[Records to process Boundary: Start]

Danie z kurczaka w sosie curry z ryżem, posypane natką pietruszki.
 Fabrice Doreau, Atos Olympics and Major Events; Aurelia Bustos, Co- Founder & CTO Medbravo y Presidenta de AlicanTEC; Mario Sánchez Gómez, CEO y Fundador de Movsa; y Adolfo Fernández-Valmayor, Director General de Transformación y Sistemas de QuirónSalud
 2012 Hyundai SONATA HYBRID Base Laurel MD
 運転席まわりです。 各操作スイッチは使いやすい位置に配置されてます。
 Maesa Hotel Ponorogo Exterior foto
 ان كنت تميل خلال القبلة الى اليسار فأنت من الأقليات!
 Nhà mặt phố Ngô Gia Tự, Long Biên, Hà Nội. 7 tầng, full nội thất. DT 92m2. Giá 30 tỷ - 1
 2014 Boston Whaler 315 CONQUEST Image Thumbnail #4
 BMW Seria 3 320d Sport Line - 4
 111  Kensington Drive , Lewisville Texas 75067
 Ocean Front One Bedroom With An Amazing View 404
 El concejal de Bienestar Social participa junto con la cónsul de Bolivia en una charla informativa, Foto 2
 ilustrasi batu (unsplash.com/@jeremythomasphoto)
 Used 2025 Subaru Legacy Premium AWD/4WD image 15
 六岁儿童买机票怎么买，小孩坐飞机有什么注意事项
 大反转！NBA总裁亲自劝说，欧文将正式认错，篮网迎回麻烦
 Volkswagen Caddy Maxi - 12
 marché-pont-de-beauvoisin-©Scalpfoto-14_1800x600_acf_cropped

[Records to process Boundary: End]

Take the lines from the start of the records through the line holding "ان كنت تميل", both included, and please print them exactly, with nothing else.

Danie z kurczaka w sosie curry z ryżem, posypane natką pietruszki.
 Fabrice Doreau, Atos Olympics and Major Events; Aurelia Bustos, Co- Founder & CTO Medbravo y Presidenta de AlicanTEC; Mario Sánchez Gómez, CEO y Fundador de Movsa; y Adolfo Fernández-Valmayor, Director General de Transformación y Sistemas de QuirónSalud
 2012 Hyundai SONATA HYBRID Base Laurel MD
 運転席まわりです。 各操作スイッチは使いやすい位置に配置されてます。
 Maesa Hotel Ponorogo Exterior foto
 ان كنت تميل خلال القبلة الى اليسار فأنت من الأقليات!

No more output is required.